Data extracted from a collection
━━━━
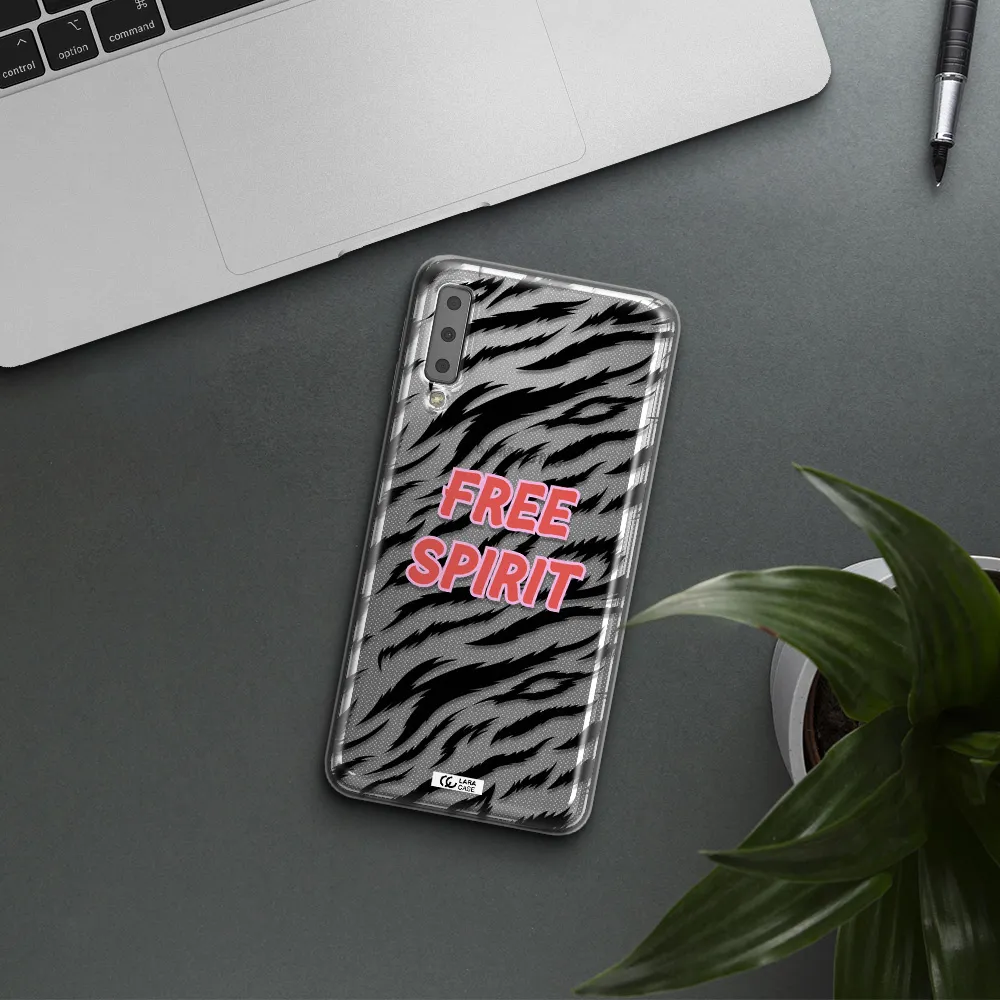 Free Spirit Samsung A7 2018 Clear TPU Case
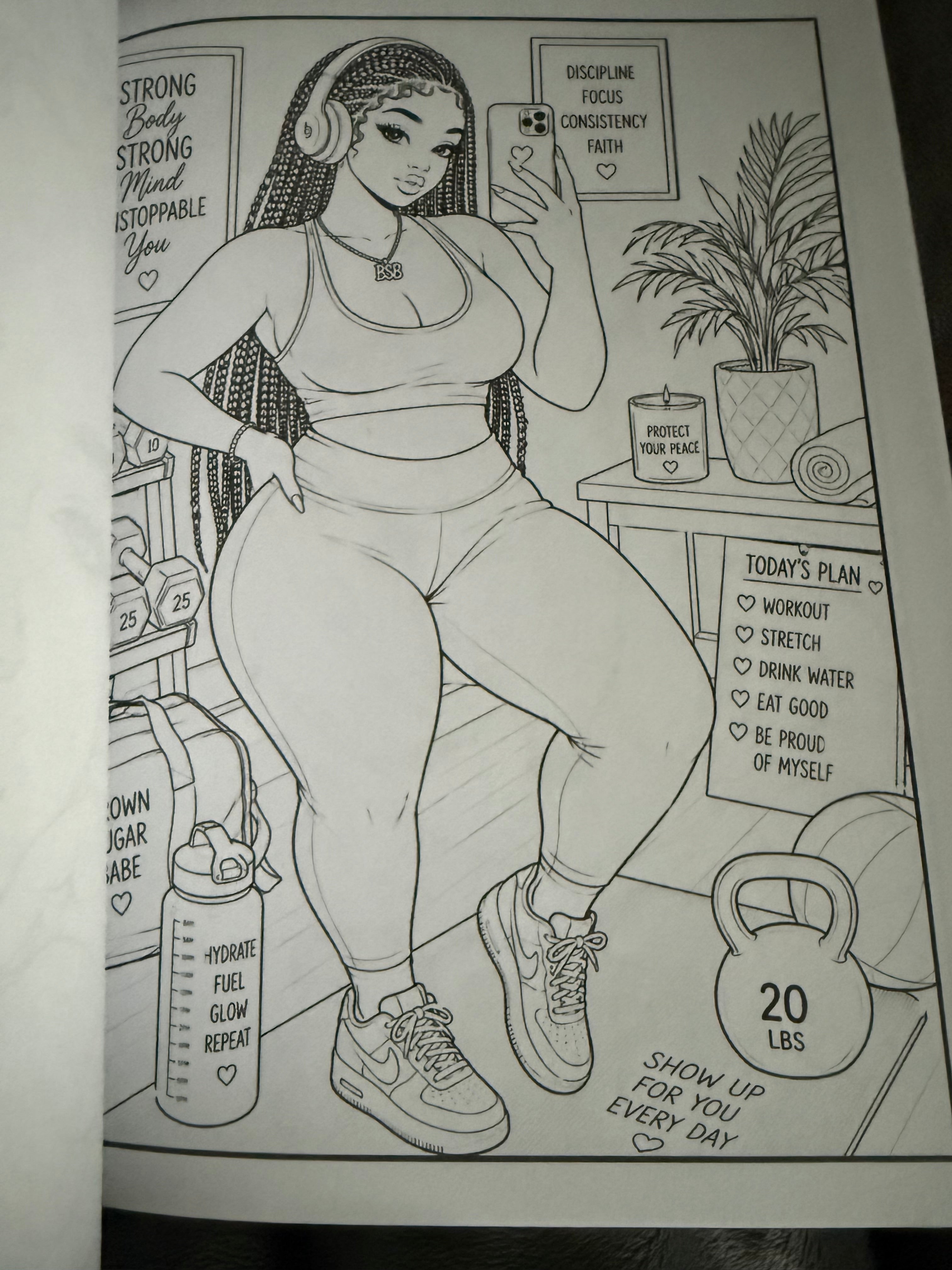 Brown Sugar Babes: Coloring Book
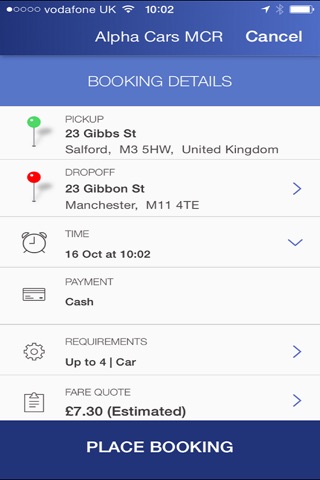 Alpha Cars Manchester screenshot 4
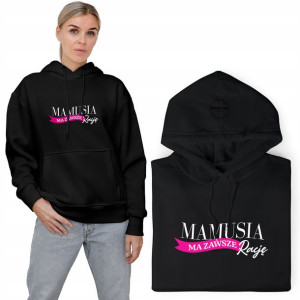 BLUZA z KAPTUREM Prezent dla MAMY MiX Wzorów - L
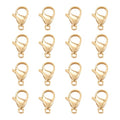 Pandahall 100Pcs Stainless Steel Lobster Claw Clasps Real 24K Gold Plated Jewelry Clasps 15x9x4mm Gold Filled Clasps for Bracelet Necklace Jewelry Making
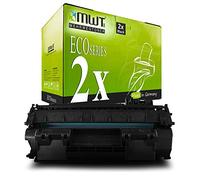 2X MWT Toner Compatible pour Canon Laserbase MF 3110 3112 3220 3222 3240 5630 5650 5730 5750 5770 remplace 8489A002 EP27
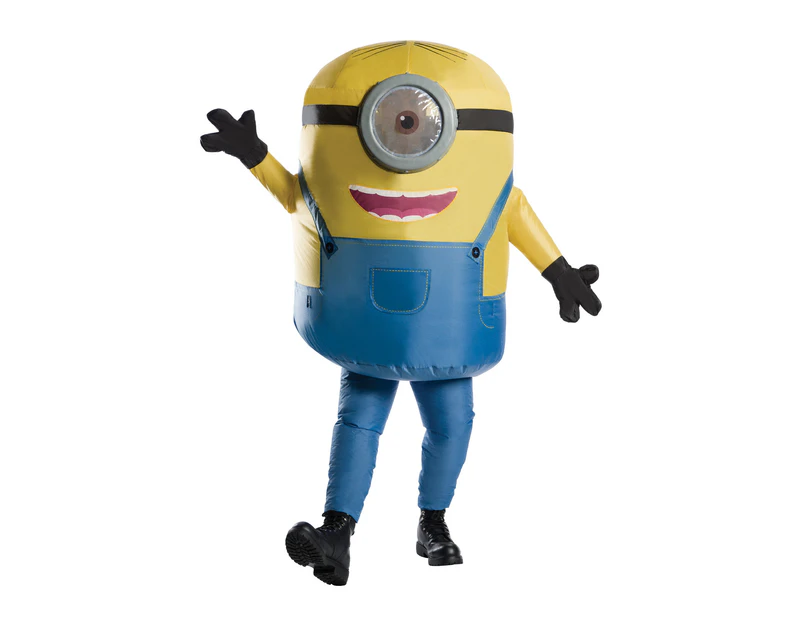 Rubies Minions Rise Of Gru Adult Men's Inflatable Dress Up Costume Size STD - Yellow
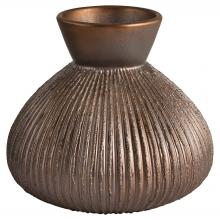 Cyan Designs 12180 - Starship Vase | Metallic Bronze - Stout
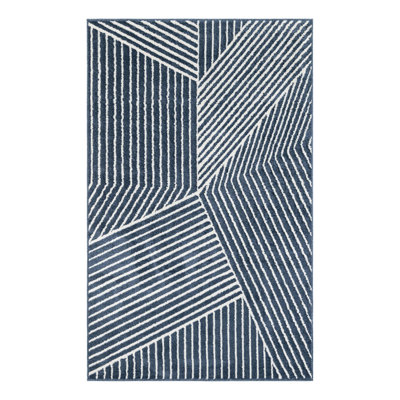 Latitude Run® Orkla Nikolis Rug Blue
━━━━
== YOUR INSTRUCTIONS ==
Output the data exactly. Pictures don't belong in the result.

== ANSWER BOX ==
 Free Spirit Samsung A7 2018 Clear TPU Case
 Brown Sugar Babes: Coloring Book
 Alpha Cars Manchester screenshot 4
 BLUZA z KAPTUREM Prezent dla MAMY MiX Wzorów - L
 Pandahall 100Pcs Stainless Steel Lobster Claw Clasps Real 24K Gold Plated Jewelry Clasps 15x9x4mm Gold Filled Clasps for Bracelet Necklace Jewelry Making
 2X MWT Toner Compatible pour Canon Laserbase MF 3110 3112 3220 3222 3240 5630 5650 5730 5750 5770 remplace 8489A002 EP27
 Rubies Minions Rise Of Gru Adult Men's Inflatable Dress Up Costume Size STD - Yellow
 Cyan Designs 12180 - Starship Vase | Metallic Bronze - Stout
 Latitude Run® Orkla Nikolis Rug Blue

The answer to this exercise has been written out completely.